When watching this show on stage, it’s possible for audiences to be fully immersed in Evan Hansen’s world to the point that his lie could almost seem understandable — justifiable. But for various reasons, the film adaptation and its nearly-30-year-old lead don’t inspire the same identification among its viewers. The film makes Evan’s motivations particularly difficult to sympathize with, and that takes away from connecting with Evan’s own mental health journey as he struggles with anxiety, depression, and suicidal ideation.
For Dr. Stein, providing a sense that others go through mental health struggles and that you aren’t alone is one important way movies and TV shows can push forward the mental health conversation.
“The messages that we give that there are safe zones here, that you’re not the only one who’s feeling this pain; that I’m here to listen to you [are important],” Stein tells SheKnows.
But in the film, Evan’s struggles aren’t just difficult to relate to, but often pushed aside. In the stage show, the song “You Will Be Found” felt like the central premise of the story, offering hope. In the film, that message ends up feeling more like an afterthought.
Dear Evan Hansen isn’t all off-base — when it hits the right notes and gets back in line with a reassuring message, it can be pleasing to the ears. Amandla Stenberg’s character, Alana Beck, performs a song that explains how the stereotypes often associated with anxiety and depression rarely ring true, and that often people can remain “anonymous,” and appear to be thriving when they’re really struggling. Similarly, Evan’s own admission to his mother that his mental health feels like a “burden” to her profoundly resonates with many who’ve likely felt the same.

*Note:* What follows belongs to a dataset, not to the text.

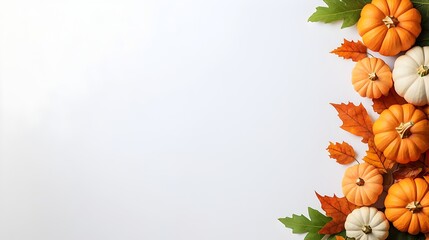 Vibrant Autumn Bouquet with Pumpkins and Colorful Fall Leaves on Neutral Background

Other moments, however, undercut the honesty of the parts that do feel true. Though Evan’s confession to his mother about the extent to which he’s struggling is touching, the audience is given no time to process the gravity of the exchange. His mother (Julianne Moore) sings one song to her son about how she’ll always be there, and then we move on to the next scene without the catharsis of processing what should be a very emotionally resonant moment.
“I have trouble with [films and TV shows about teen mental health] when they present things in an artificial light and they give particularly young people the wrong impression of the outcome and the impact of suicides,” Stein shares. While the depictions in Dear Evan Hansen may not necessarily be artificial, they’re not shown in enough depth for the impact of what’s happening to really sink in.
Finally, the film falls short in one final area that Stein calls crucial for movies and TV shows that decide to take on teen mental health: showing hope and a path forward for those in the audience who relate to its story.
“There are coping strategies,” Stein says of how on-screen depictions can provide useful examples for struggling teens. “It’s not just, again, that this is ubiquitous. It’s: here’s some hope. And here’s something we can do about it. And all too often we hear the headlines and we don’t hear the hope.”
On that note, while the mental health problems presented in Dear Evan Hansen can feel thorny and resonant, but the solutions shown just don’t — and as a result, the film fails to provide a meaningful, coherent message of hope beyond the struggle it depicts. While Dear Evan Hansen in film form could have become a more accessible way for young audiences to connect with a story that focuses on mental health struggles and suicide in the 21st century, it’s instead become a symbol of how far entertainment media still has to go when tackling these difficult issues.
If this film sparks conversations about mental health within families and amongst peers, that has value, but it’s not all we should expect from these stories. Audiences — particularly those struggling with their own mental health — need more than just pockets of hope or vague reassurances that solutions are out there. They deserve a meaningful story where true community and a path forward, as Dear Evan Hansen posits, can be found.